→ **Work task**:
Begin at the line containing "This Elysia species, on" in the records below, end at the line containing "This is the", and retype each line in that span exactly. No other line and no image should appear.

→ **Data supplied**:

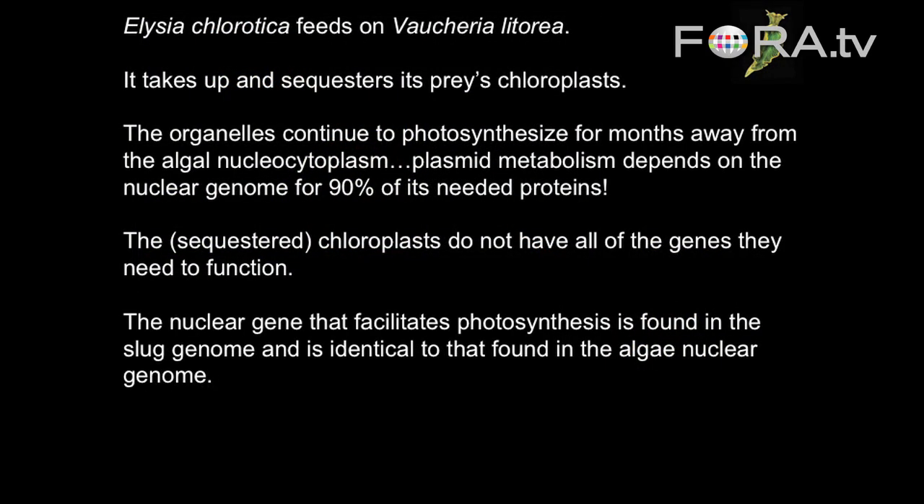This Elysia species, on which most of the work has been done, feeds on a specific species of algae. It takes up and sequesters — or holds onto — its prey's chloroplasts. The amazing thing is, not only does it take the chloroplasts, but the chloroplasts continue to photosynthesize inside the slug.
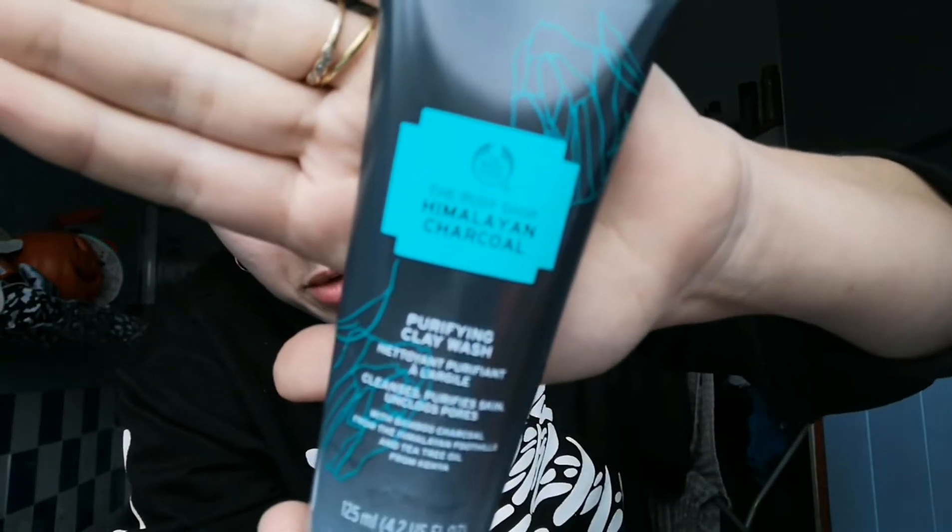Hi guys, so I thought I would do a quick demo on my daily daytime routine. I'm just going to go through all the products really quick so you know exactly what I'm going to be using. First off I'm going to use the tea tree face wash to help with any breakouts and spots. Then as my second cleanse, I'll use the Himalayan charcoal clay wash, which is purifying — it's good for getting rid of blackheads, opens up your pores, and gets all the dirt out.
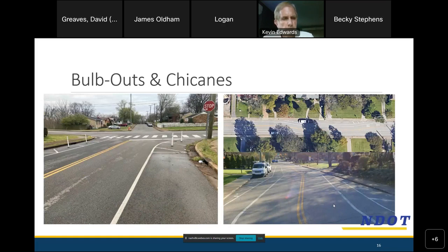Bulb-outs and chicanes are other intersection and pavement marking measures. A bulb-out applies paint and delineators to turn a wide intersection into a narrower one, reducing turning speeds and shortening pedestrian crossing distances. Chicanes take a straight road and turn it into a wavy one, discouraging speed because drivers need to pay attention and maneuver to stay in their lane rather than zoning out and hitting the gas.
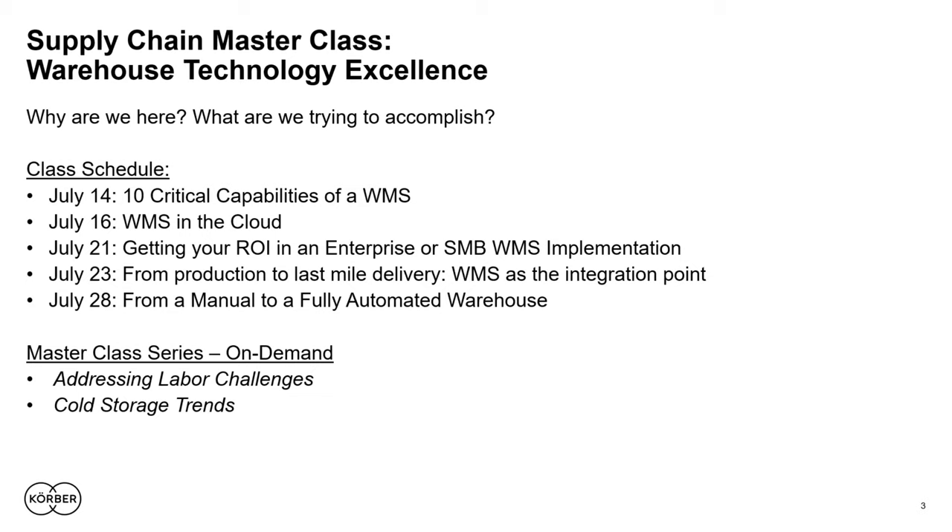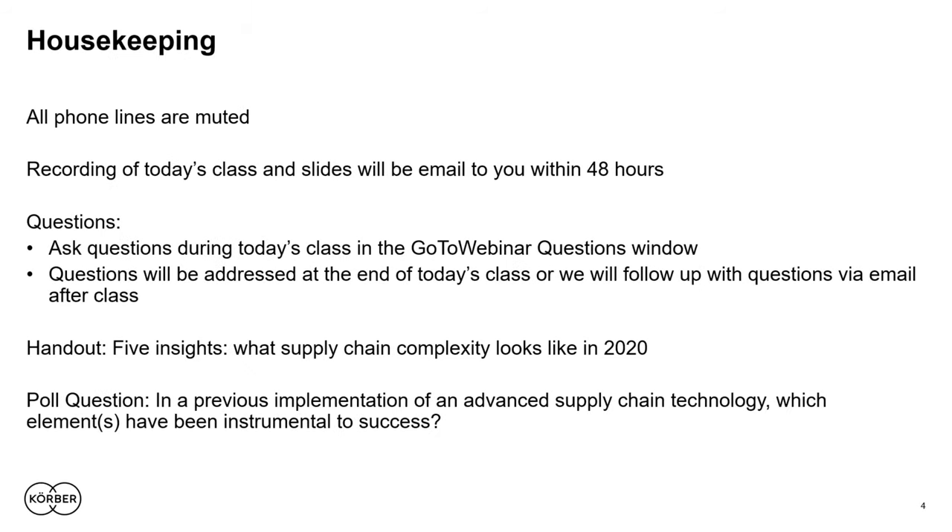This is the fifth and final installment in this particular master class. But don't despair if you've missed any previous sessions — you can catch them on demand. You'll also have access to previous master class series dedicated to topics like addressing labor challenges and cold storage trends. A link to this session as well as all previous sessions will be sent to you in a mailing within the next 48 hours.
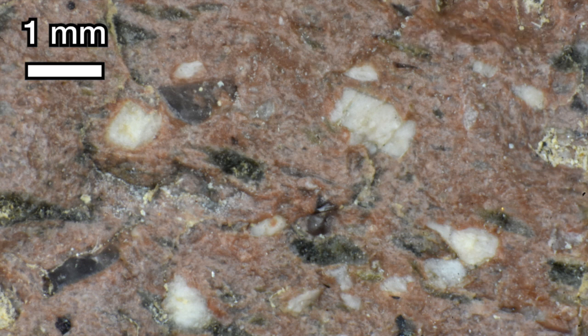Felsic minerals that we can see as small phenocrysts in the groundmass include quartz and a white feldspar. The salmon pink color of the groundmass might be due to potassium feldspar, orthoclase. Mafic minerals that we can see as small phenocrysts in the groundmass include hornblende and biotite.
...
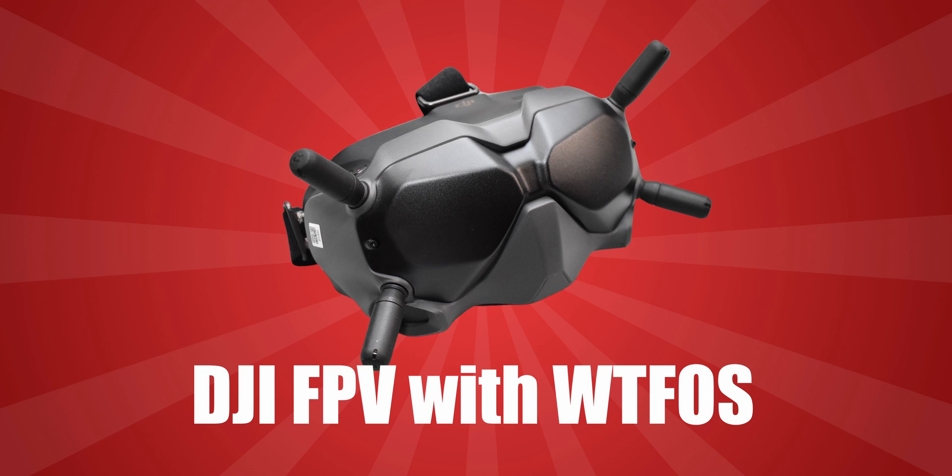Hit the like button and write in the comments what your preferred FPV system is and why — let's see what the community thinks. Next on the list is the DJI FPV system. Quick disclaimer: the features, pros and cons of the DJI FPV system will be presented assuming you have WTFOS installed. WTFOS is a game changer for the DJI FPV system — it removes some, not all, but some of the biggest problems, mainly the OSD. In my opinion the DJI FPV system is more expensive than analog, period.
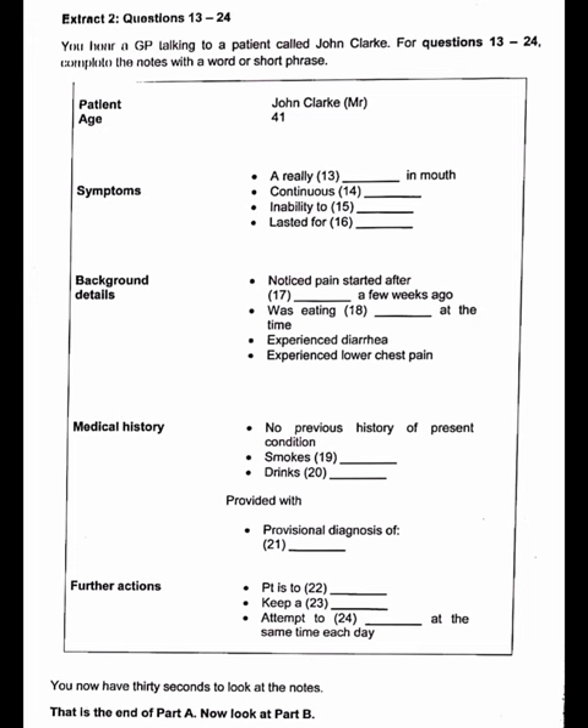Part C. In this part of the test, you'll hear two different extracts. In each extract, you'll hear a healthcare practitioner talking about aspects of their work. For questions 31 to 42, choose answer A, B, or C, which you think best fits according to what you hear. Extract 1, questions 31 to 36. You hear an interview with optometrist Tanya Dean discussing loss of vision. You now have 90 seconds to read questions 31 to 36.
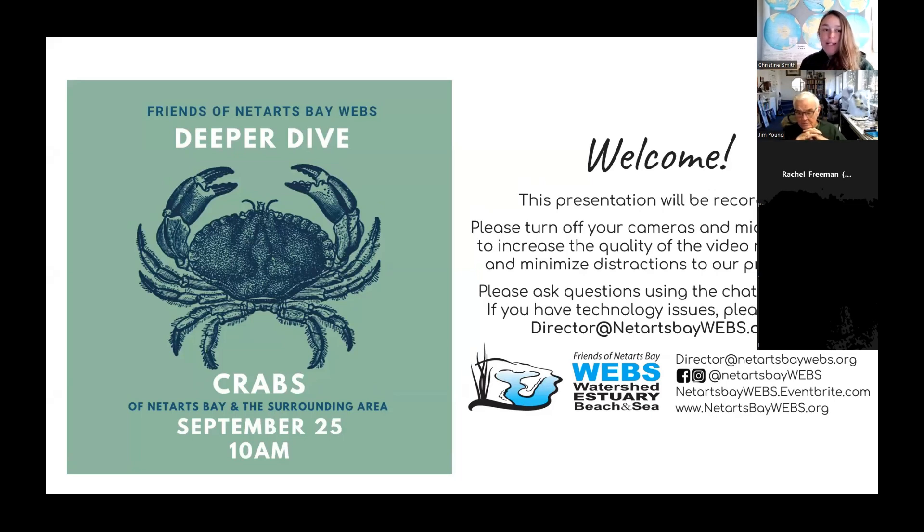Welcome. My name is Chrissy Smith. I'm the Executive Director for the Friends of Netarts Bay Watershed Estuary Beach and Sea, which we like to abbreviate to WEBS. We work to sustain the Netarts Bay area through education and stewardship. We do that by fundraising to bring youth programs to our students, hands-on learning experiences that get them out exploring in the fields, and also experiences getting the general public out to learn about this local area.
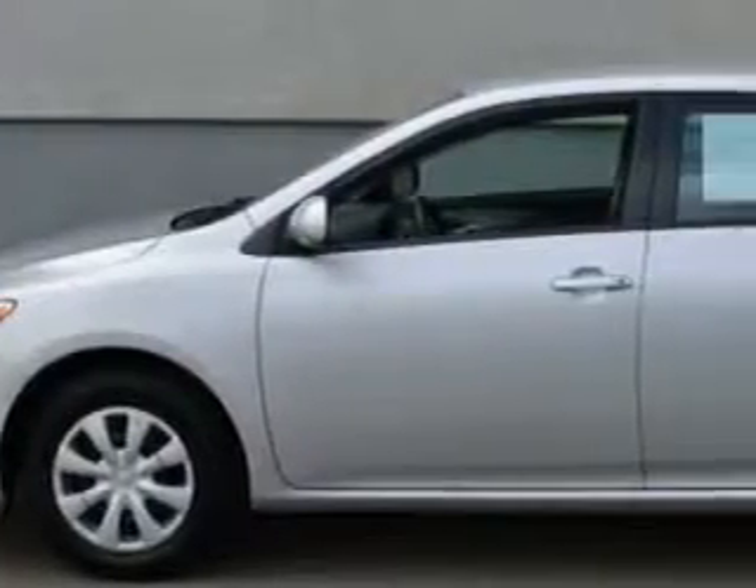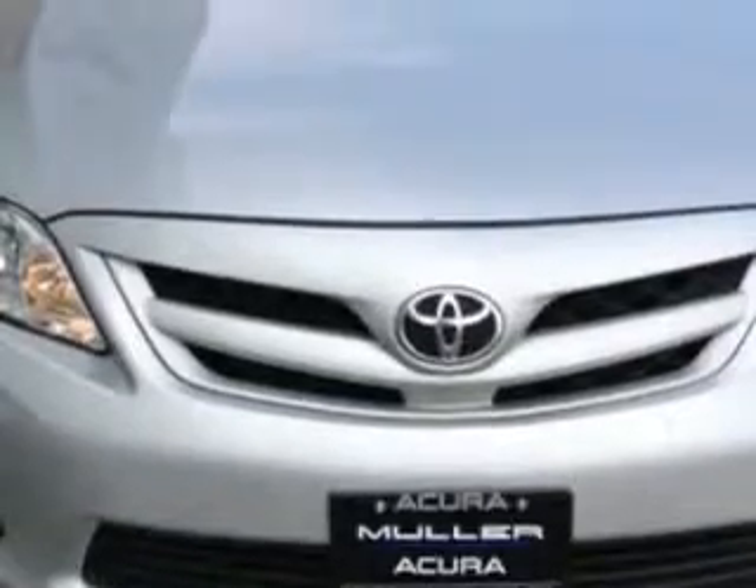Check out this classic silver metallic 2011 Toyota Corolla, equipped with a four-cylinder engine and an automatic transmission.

→ **Result for this task**:
This Elysia species, on which most of the work has been done, feeds on a specific species of algae. It takes up and sequesters — or holds onto — its prey's chloroplasts. The amazing thing is, not only does it take the chloroplasts, but the chloroplasts continue to photosynthesize inside the slug.
Hi guys, so I thought I would do a quick demo on my daily daytime routine. I'm just going to go through all the products really quick so you know exactly what I'm going to be using. First off I'm going to use the tea tree face wash to help with any breakouts and spots. Then as my second cleanse, I'll use the Himalayan charcoal clay wash, which is purifying — it's good for getting rid of blackheads, opens up your pores, and gets all the dirt out.
Bulb-outs and chicanes are other intersection and pavement marking measures. A bulb-out applies paint and delineators to turn a wide intersection into a narrower one, reducing turning speeds and shortening pedestrian crossing distances. Chicanes take a straight road and turn it into a wavy one, discouraging speed because drivers need to pay attention and maneuver to stay in their lane rather than zoning out and hitting the gas.
This is the fifth and final installment in this particular master class. But don't despair if you've missed any previous sessions — you can catch them on demand. You'll also have access to previous master class series dedicated to topics like addressing labor challenges and cold storage trends. A link to this session as well as all previous sessions will be sent to you in a mailing within the next 48 hours.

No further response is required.